In contrast the British soldiers of the period appear to have focussed their loyalty on the King, the army, and the country as a whole. Officers regarded themselves as apolitical defenders of the status quo, which could mean defending the crown from the ambitions of the political elite. Ordinary soldiers meanwhile showed themselves to be unimpressed by radical politics. The British army’s attitude stands in sharp contrast to that of the French army, which found itself faced with a very difficult question; to whom should it be loyal? Should they be loyal to the King? Or to his ministers? Or to the National Assembly, which ostensibly acted in the name of the King? The French line army held together under circumstances where it could have been forgiven for fracturing or simply ceasing to function, while the new volunteer army served honourably, and both were successfully amalgamated.
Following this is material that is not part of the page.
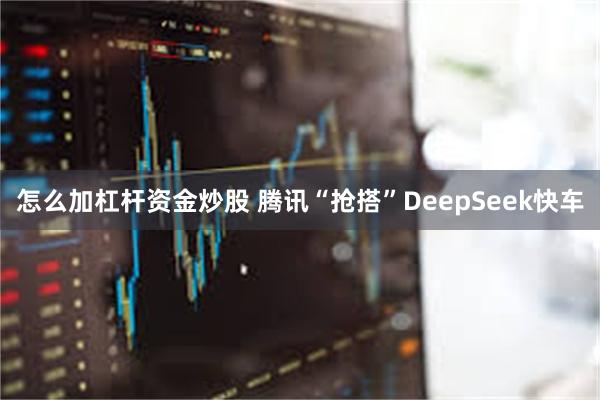怎么加杠杆资金炒股 腾讯“抢搭”DeepSeek快车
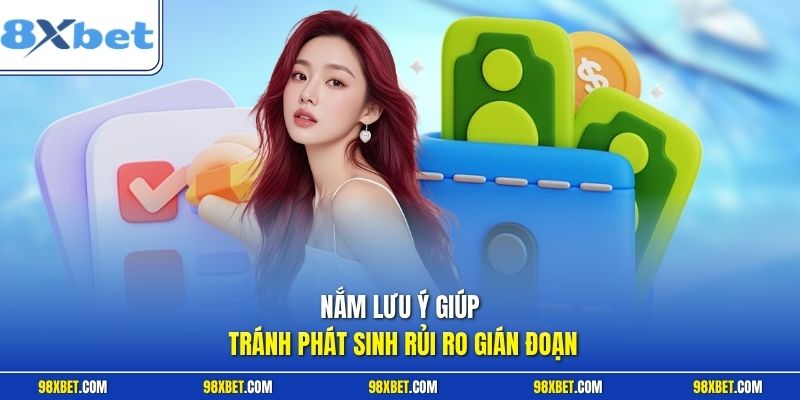 Nắm lưu ý giúp tránh phát sinh rủi ro gián đoạn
Even without the bulk of its pre-Revolutionary officer corps, the French army proved itself at least as resilient as its British counterpart, and able to adapt to new circumstances.
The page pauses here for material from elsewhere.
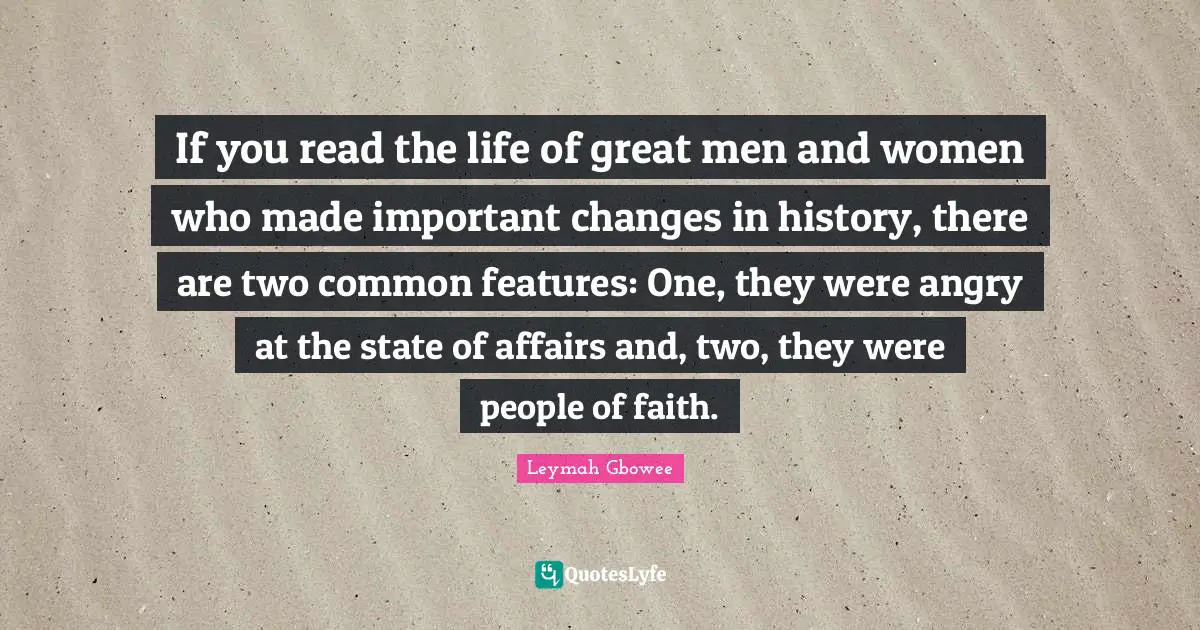 If you read the life of great men and women who made important changes in history, there are two common features: One, they were angry at the state of affairs and, two, they were people of faith.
Considering the essential similarities between the two armies, the question invariably arises as to why the British army did not become seriously mutinous in the period, in contrast even to the Royal Navy. The fall of the Bastille was initiated by Parisian civilians, later supported by sympathetic Gardes Francaises. In sharp contrast, British troops were more than willing to gun down anti-Catholic rioters during the Gordon Riots a decade earlier. It cannot be argued that the British soldiers were brainwashed automatons or ignorant dupes, for the British army had its fair share of literate NCOs and soldiers, while British society on the whole was initially supportive of the Revolution. It can be argued that French aggression removed the possibility of a copycat British Revolution because of the human tendency to pull together in the face of an outside threat. This was certainly the case later, once Napoleon had emerged as a credible tyrant figure in the popular mindset, but it does not cover the earlier period when French Revolutionary politics still had some credibility. The only apparent explanation is that British soldiers simply did not feel as aggrieved as their French counterparts. If not enthusiastically loyal to King George III, they evidently did not see him or the system he represented as so much of a problem as to warrant removal. At a more personal level, British soldiers simply did not see Revolution as a worthwhile solution to their problems. The Duke of York’s reforms, which led to noticeable improvements in their living conditions, almost certainly encouraged this attitude.
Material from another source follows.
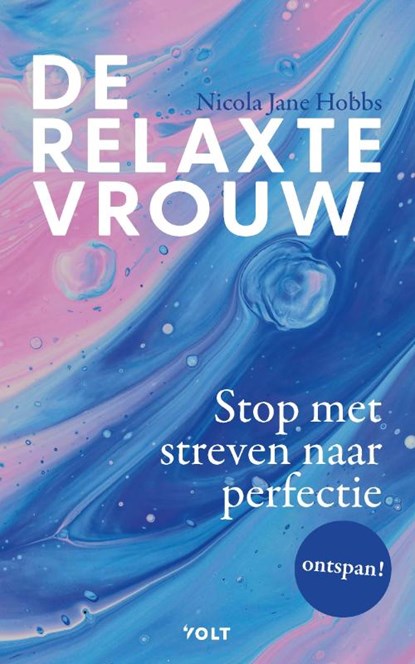 De relaxte vrouw, Nicola Jane Hobbs - Paperback - 9789038814759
The evidence of chapters five and six reflect a similar pattern. The Scottish Highlanders and the Irish are similar in the context of their relationship with the organisations in which they found themselves operating as soldiers. Both were essentially outsiders, a part of the body politic in the legal sense but nonetheless separated in ways not easily defined. Both derived from specific geographical areas, namely the Scottish Highlands and Ireland, and held to distinctive cultures and identities. Both were drawn upon by the British and French armies, both of them in the British case, for essentially practical reasons. Of these, the primary reason was the simple fact that they were available in useful numbers. A contrast nonetheless arises as to the means by which they were acquired. The Highlands were regarded as a full and formal part of the United Kingdom, meaning that Highlanders were recruited in a manner not much different to how their English and lowland Scottish counterparts were recruited.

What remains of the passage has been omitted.